WiMi Hologram Cloud Inc., a leading global Hologram Augmented Reality (AR) Technology provider, today announced its development of a humanoid robot control system based on a head-mounted display (HMD) controlled by a brain-computer interface (BCI). This system via steady-state visual evoked potentials (SSVEP) and allows interaction with the environment and humans. The technology provides real-time feedback through the robot’s embedded camera, which integrates stimulus feedback into the HMD display.
WiMi’s researchers took control of the robot and tested its performance by using this new interaction in an experiment. Testers were asked to navigate the robot to a specific location to perform a task. This test was based on visual SLAM feedback, which provides navigation instructions through images of the environment captured by a camera.
Steady-state visual evoked potentials (SSVEP) are used as control signals, and the user’s EEG signals are captured by an EEG signal acquisition device, and real-time feedback from the robot is displayed using a head-mounted display.
For navigation instructions, the researchers embedded an embedded camera in the robot and combined its real-time feedback with the SSVEP signals on the head-mounted display to form a form of interaction. The researchers used a visual SLAM (Simultaneous Localization and Mapping) algorithm to implement the navigation instructions.

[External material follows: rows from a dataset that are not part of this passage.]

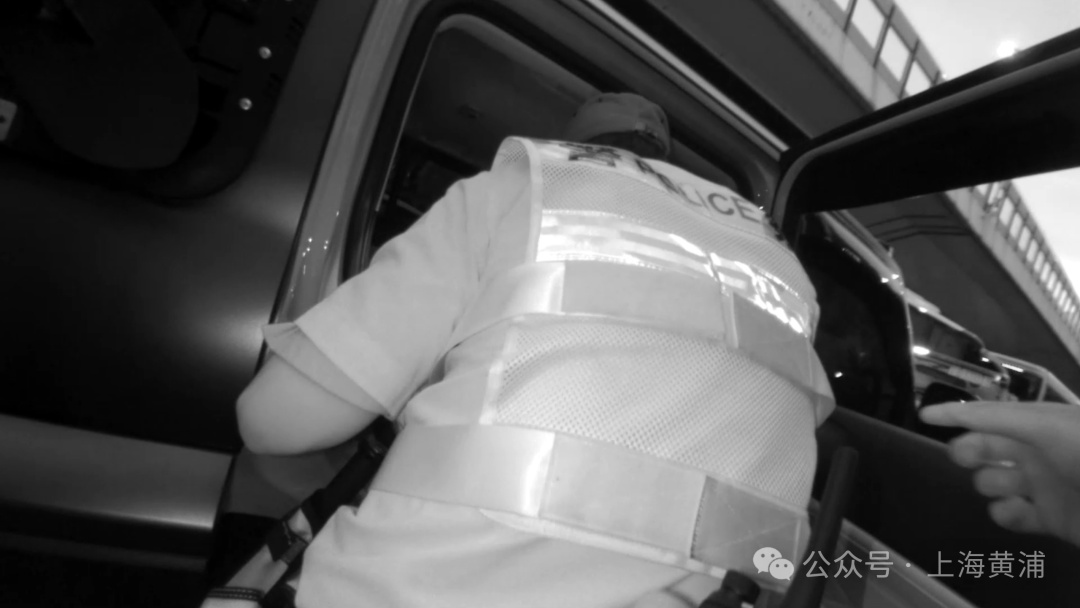 晚高峰突发！一辆车停在市中心路口，女司机歪倒车内、昏迷不醒……上海民警火速赶到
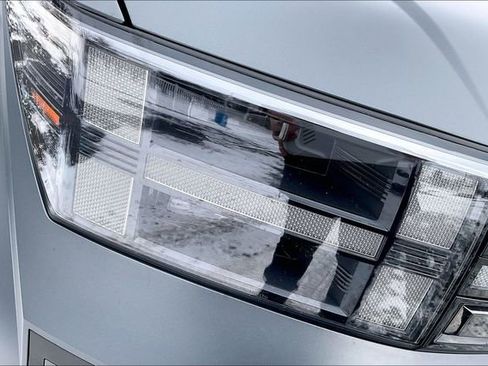 Used 2025 Hyundai Santa Fe Limited image 29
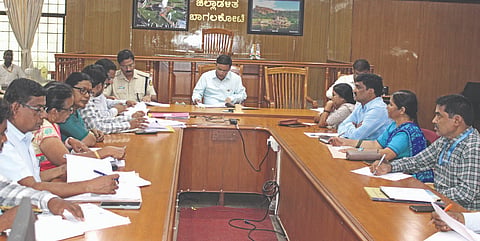 ಬಾಗಲಕೋಟೆ ಜಿಲ್ಲಾಧಿಕಾರಿ ಸಭಾಂಗಣದಲ್ಲಿ ಬುಧವಾರ ಮಹಿಳಾ ಮತ್ತು ಮಕ್ಕಳ ಅಭಿವೃದ್ಧಿ ಇಲಾಖೆಯ ಜಿಲ್ಲಾಮಟ್ಟದ ಏಕೀಕೃತ ಪ್ರಗತಿ ಪರಿಶೀಲನೆ ಸಮಿತಿ ಸಭೆ ಜಿಲ್ಲಾಧಿಕಾರಿ ಸಂಗಪ್ಪ ಅಧ್ಯಕ್ಷತೆಯಲ್ಲಿ ನಡೆಯಿತು. ಇಲಾಖೆ ಅಧಿಕಾರಿಗಳು ಇದ್ದರು.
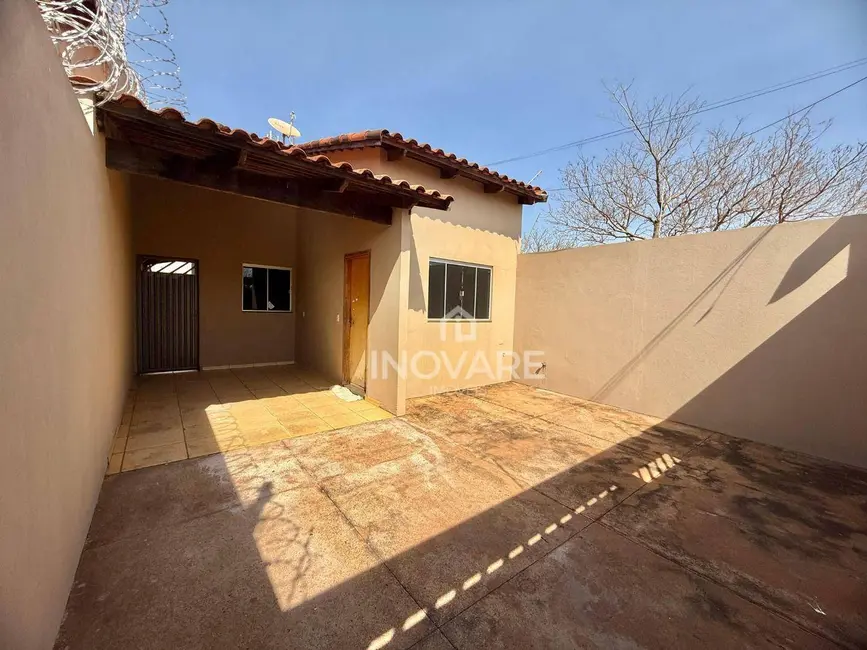 Foto 2 de Casa com 2 quartos para alugar, 150m2 em Itumbiara - GO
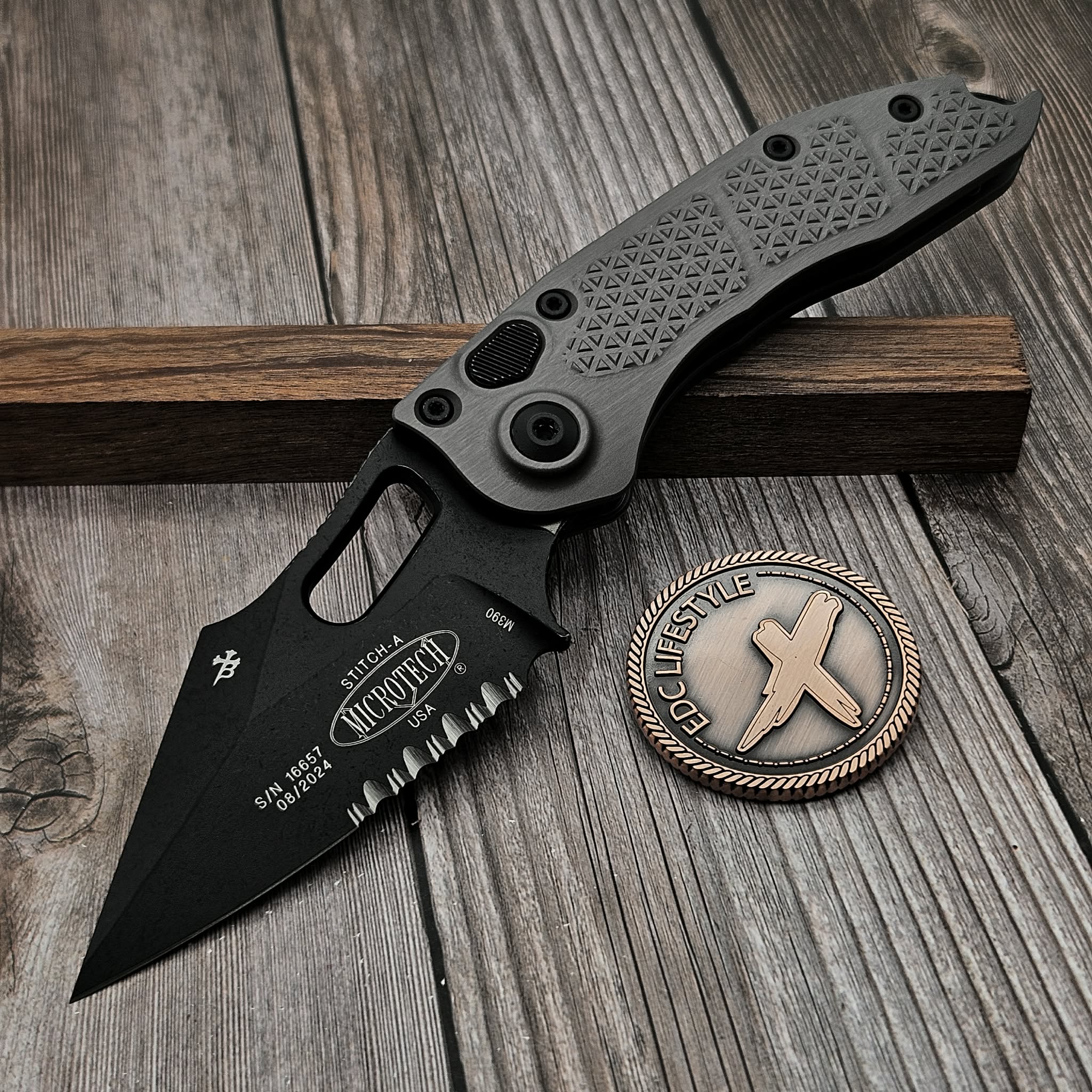 Microtech Stitch Auto Natural Clear Partial Serrated Apocalyptic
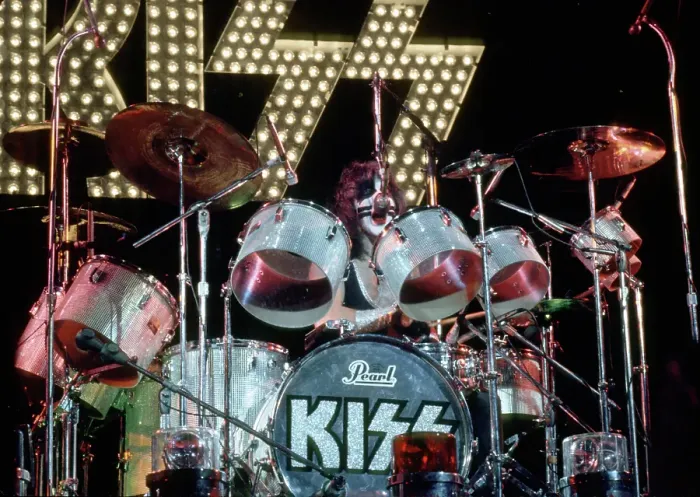 Framed Print : Kiss Performing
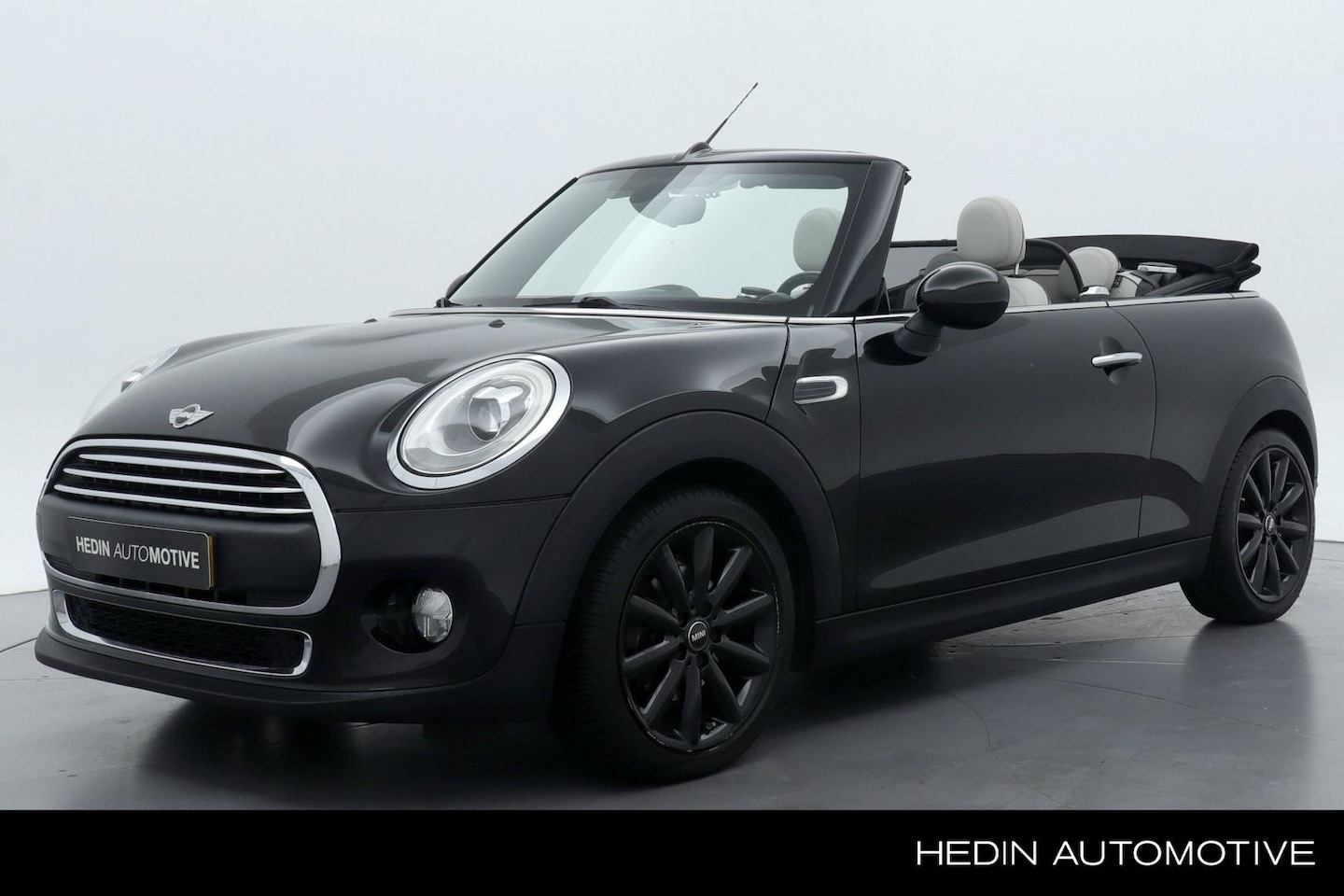 MINI Cabrio - Mini 1.2 One Chili Business | Lederen bekleding - AutoWereld.nl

The control system of the head-mounted display BCI consists of several components: signal acquisition device, head-mounted display, humanoid robot, embedded camera, control algorithm, etc. The steps and results of WiMi’s BCI control system implementation are as follows:
EEG signal acquisition and processing:
The WiMi researchers first used a set of EEG signal interaction platforms for capturing the user’s EEG signals and processing those signals. The platform consists of a multi-channel amplifier, electrode caps, and data acquisition software to capture and store the user’s EEG signals in real-time.
In processing the EEG signals, an efficient method is used, which is the extraction of SSVEP by frequency analysis of the signals. This method presents light flashes of a specific frequency to the user, and the user’s EEG signal will resonate at this frequency, thus enabling the extraction of control signals.
The researchers used an EEG signal acquisition device to capture the user’s EEG signals, a head-mounted display to show real-time feedback from the robot, and an embedded camera to provide navigation instructions. The control algorithm uses a visual SLAM algorithm to implement the navigation instructions, which models the environment and implements the navigation instructions from images of the environment captured by the robot’s camera.
Head-mounted display applications:
To provide feedback on the control signals, the researchers used a head-mounted display, which shows real-time images and states displayed through a built-in monitor. The head-mounted display utilizes high-resolution display technology to provide a more realistic experience of the virtual environment.
In addition, to better provide feedback on control signals, the researchers combined the display with the robot’s built-in camera. With the robot’s camera capturing images of the environment and displaying them on the head-mounted display, users can visualize the robot’s state and environmental information more intuitively. Specifically, the user is required to gaze at a specific frequency of light stimuli on the head-mounted display, which causes the user’s brain to emit a specific SSVEP signal.
Once the signal is captured and processed, a control algorithm can determine the user’s intent based on the frequency and amplitude of the signal, such as moving the robot to turn left or right. The embedded camera captures the viewpoint of the robot in real-time, providing an image of the environment as well as feedback on the current position of the robot.
Using the SLAM algorithm, an image of the robot’s environment is captured by the robot’s built-in camera and converted into a model of the robot’s environment. The algorithm is also able to estimate the robot’s position and provide navigation instructions to the user. The user can control the direction of the robot’s movement through SSVEP signals, while the head-mounted display shows the robot’s status and environmental information to provide more intuitive feedback to the user.
In addition, the researchers conducted an experimental evaluation of the control system to assess its performance in terms of control accuracy and interaction experience. The experimental results show that the control system can provide precise control signals as well as an immersive interactive experience, providing users with a novel way to control their robots.
To evaluate the performance of the system, the researchers conducted a series of experiments. The experiments included a user using the system for a robot navigation task and a control experiment using a traditional remote control for the task. The results of the experiments showed that users were able to perform navigation tasks more accurately and get better interaction when using the system.
The researchers conducted experiments to evaluate the control system, including performance in terms of control accuracy and interaction experience. In the experiment, participants were required to control the robot to walk to a specific location to complete a task in a simulated environment. The experimental results show that the control system can provide precise control signals with an average control accuracy of 98.1%. Meanwhile, users evaluated the system as a very good interaction experience, and considered it a very natural and intuitive way of interaction.
WiMi’s head-mounted display (HMD) for robot control via a brain-computer interface (BCI) demonstrates a new way of interaction, providing a more natural and intuitive way of control. Experimental results show that the control system can provide precise control signals. This control method has the potential to be used in many scenarios that require precise control, such as medical, educational, and entertainment fields. Subsequently, the control system can be combined with other sensor technologies, such as voice and gesture, to provide more diverse control. This navigation-assisted scheme provides users with a novel interaction method, which can improve the robot’s operation efficiency and interaction experience.